The maximum sequence length in our dataset is 512. Therefore, we see that the maximum length of the sequences is 512.

## Dealing with truncated answers

Once we tokenize our data, we need to perform one more data processing step. 


- In the original dataset the `answer_start` and `answer_end` denote the `character-level position` of the answer. But in the model, since we deal in tokens we need the` token-level position` of the answer. 

- For that, we will use the `char_to_token` function in the `tokenizer`. It will convert the character index to a token index.

- Because we are enforcing a maximum sequence length of 512, some answers will be inevitably truncated if they are present after the 512th token. Although this is rare, we still need to take care of this as it can result in numerical errors otherwise. Therefore, if the positions are `None` (i.e. couldn't find the answer), it is set to the maximum position.

In [13]:
# def replace_char_with_token_indices(encodings, answers):
#     start_positions = []
#     end_positions = []
#     n_updates = 0
    
#     # Go through all the answers
#     for i in range(len(answers)):
#         # if answers[i]['text']=='':
#         #     continue
        
#         # get the token position for both start & end char positions
#         start_positions.append(encodings.char_to_token(i, answers[i]['answer_start']))
        
#         end_positions.append(encodings.char_to_token(i, answers[i]['answer_end']-1))
        
        
#         if start_positions[-1] is None or end_positions[-1] is None:
#             n_updates += 1
            
#         # if start position is None, the answer passage has been truncated
#         # In the guide, https://huggingface.co/transformers/custom_datasets.html#qa-squad
#         # they set it to model_max_length, but this will result in NaN losses as the last
#         # available label is model_max_length-1 (zero-indexed)
        
#         if start_positions[-1] is None:
#             start_positions[-1] = tokenizer.model_max_length - 1
            
#         if end_positions[-1] is None:
#             end_positions[-1] = tokenizer.model_max_length - 1
            
#     print("{}/{} had answers truncated".format(n_updates, len(answers)))
    
#     encodings.update({'start_positions': start_positions, 'end_positions': end_positions})

In [7]:
def replace_char_with_token_indices(encodings, answers):
    start_positions = []
    end_positions = []
    n_updates = 0

    # Go through all the answers
    for i in range(len(answers)):
        if pd.notna(answers[i]['answer_start']) and pd.notna(answers[i]['answer_end']):
            # get the token position for both start & end char positions
            start_positions.append(encodings.char_to_token(i, answers[i]['answer_start']))
            end_positions.append(encodings.char_to_token(i, answers[i]['answer_end'] - 1))
        else:
            # Handle the case where the answer is empty or the positions are NaN
            start_positions.append(None)
            end_positions.append(None)

        if start_positions[-1] is None or end_positions[-1] is None:
            n_updates += 1

        # if start position is None, the answer passage has been truncated
        # In this case, you can set it to some specific value or leave it as None
        # Here, we set it to model_max_length - 1 if it's None
        if start_positions[-1] is None:
            start_positions[-1] = tokenizer.model_max_length - 1

        if end_positions[-1] is None:
            end_positions[-1] = tokenizer.model_max_length - 1

    print("{}/{} had answers truncated".format(n_updates, len(answers)))

    encodings.update({'start_positions': start_positions, 'end_positions': end_positions})


- This function takes in a set of `BatchEncodings` called `encodings` generated by the tokenizer and a set of answers (a list of dictionaries). 

- Then it updates the provided encodings with two new keys: `start_positions` and `end_positions`. 

- *These keys respectively hold the token-based indices denoting the start and end of the answer.

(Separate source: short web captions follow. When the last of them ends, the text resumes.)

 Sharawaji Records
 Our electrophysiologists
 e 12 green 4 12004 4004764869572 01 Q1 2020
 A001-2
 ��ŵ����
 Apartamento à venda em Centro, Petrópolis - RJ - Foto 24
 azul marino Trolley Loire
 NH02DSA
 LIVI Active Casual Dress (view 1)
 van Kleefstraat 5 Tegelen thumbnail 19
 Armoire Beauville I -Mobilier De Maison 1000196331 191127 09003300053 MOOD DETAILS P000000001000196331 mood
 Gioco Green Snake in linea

If the answer is not found, we set the start and end indices to the last token.*

- To convert our existing character-based indices to token-based indices, we use a function called `char_to_token()` provided by the `BatchEncodings` class. 

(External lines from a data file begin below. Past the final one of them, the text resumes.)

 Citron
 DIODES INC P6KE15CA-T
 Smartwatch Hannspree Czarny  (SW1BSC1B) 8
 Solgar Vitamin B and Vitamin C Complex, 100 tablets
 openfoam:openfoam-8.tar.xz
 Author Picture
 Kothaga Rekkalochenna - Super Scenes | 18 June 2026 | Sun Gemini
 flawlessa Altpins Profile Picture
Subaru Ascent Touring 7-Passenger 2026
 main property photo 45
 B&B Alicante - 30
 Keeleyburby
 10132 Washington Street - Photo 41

- It takes a character index as the input and provides the corresponding token index as the output.

In [8]:
replace_char_with_token_indices(train_encodings, train_answers)
replace_char_with_token_indices(test_encodings, test_answers)

43508/130319 had answers truncated
5951/11873 had answers truncated


## Defining a TensorFlow dataset

- Next, let’s implement a TensorFlow dataset to generate the data for the model. **Our data will consist of two tuples: one containing inputs and the other containing the targets.** 

- The input tuple contains:
    - Input token IDs – A batch of padded token IDs of size `[batch size, sequence_len]`
    - Attention mask – A batch of attention masks of size `[batch size, seq_len]`

- The output tuple contains:
    - Start index of the answer – A batch of start indices of the answer
    - End index of the answer – A batch of end indices of the answer
    
    
[`from functools import partial` - GFG](https://www.geeksforgeeks.org/partial-functions-python/)

In [10]:
import tensorflow as tf
from functools import partial


train_batch_size = 4
test_batch_size = 8


def data_gen(input_ids, attention_mask, start_positions, end_positions):
    """Generator for data"""
    for inps, attn, start_pos, end_pos in zip(input_ids, attention_mask, 
                                              start_positions, end_positions):
        yield (inps, attn),(start_pos, end_pos)
        
        
print("Creating train & validation data")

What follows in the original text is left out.